Is there a connection between Russia’s unprovoked war of aggression against Ukraine and the emerging new world order of cultural production? Yes there is, and it has to do with the fact that Russia is the biggest loser of the second wave of globalization. Part of what we are seeing now is Russia lashing out based on a faulty 19th century theory of geopolitics which sees land as the main source of power, rather than brands and the control of global value chains.
By Vinzenz Hediger
The above tweet on a video showing a Russian father hammering an iPad to pieces in company of his son in protest of apple’s decision no longer to sell to and service Russian customers points to an important dimension of Putin’s attack on Ukaine, and to one of the sources of his nostalgic/melancholic hunger for territorial expansion more generally. In 1991, Russia, which had been at the center and at the commands of the USSR, did not just loose an empire. It set itself on a path to becoming the biggest loser of the second wave of globalization.

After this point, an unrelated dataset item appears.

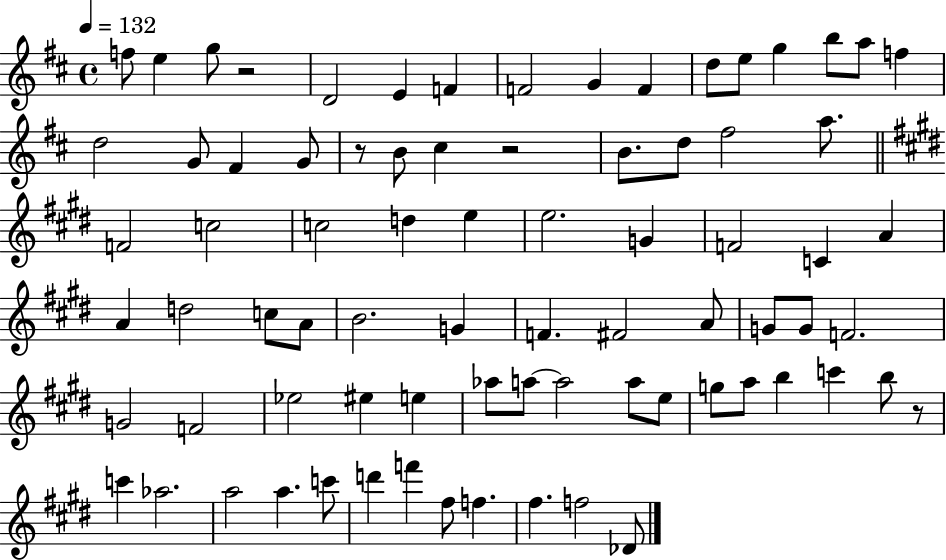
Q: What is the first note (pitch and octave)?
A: F5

In 1984, when he first ran for president of the United States, Jesse Jackson asked the audience at a debate who of them owned a Japanese VCR. Many hands were raised. Then he asked who owned an American cruise missile. The point was clear: The American industrial base was geared towards Cold-War military technology and global military hegemony. Japanese consumer electronics, on the other hand, represented what customers wanted, and where the economy would go. After the end of the Cold War the US caught up and, partly by repurposing technology developed in the arms race, became the world leader in IT, software, and later platform economy consumer brands, from Microsoft to apple, amazon and netflix.
The second great wave of globalization, which started around 1990, was a big part of this development. It created an integrated system of the global economy with low thresholds to trade. Global value chains, in which production was outsourced to low-income countries while the design and sale of products remained concentrated on high-income countries, quickly replaced the factory-in-one-place-near-resources-or-markets model of the classical industrial order. The distribution of value creation along global value chains represents a U-shaped curve: Most value is created at the point of design and development, i.e. for the owners of patents and brands, comparatively little is created in manufacturing, and again a lot at the point of sale. What matters in the new globalized economy, then, is to develop and control global consumer brands. In this new system, China rose to economic world power status by emulating the model of South Korea, i.e. by first positioning itself as the world’s manufacturer, only to quickly move to develop global consumer brands like Huawei (or, to cite one of the Korean equivalents, Samsung). So China understood that it should move from the nadir of the U curve to the design/sale ends, and managed to do so in many areas in the space of thirty years.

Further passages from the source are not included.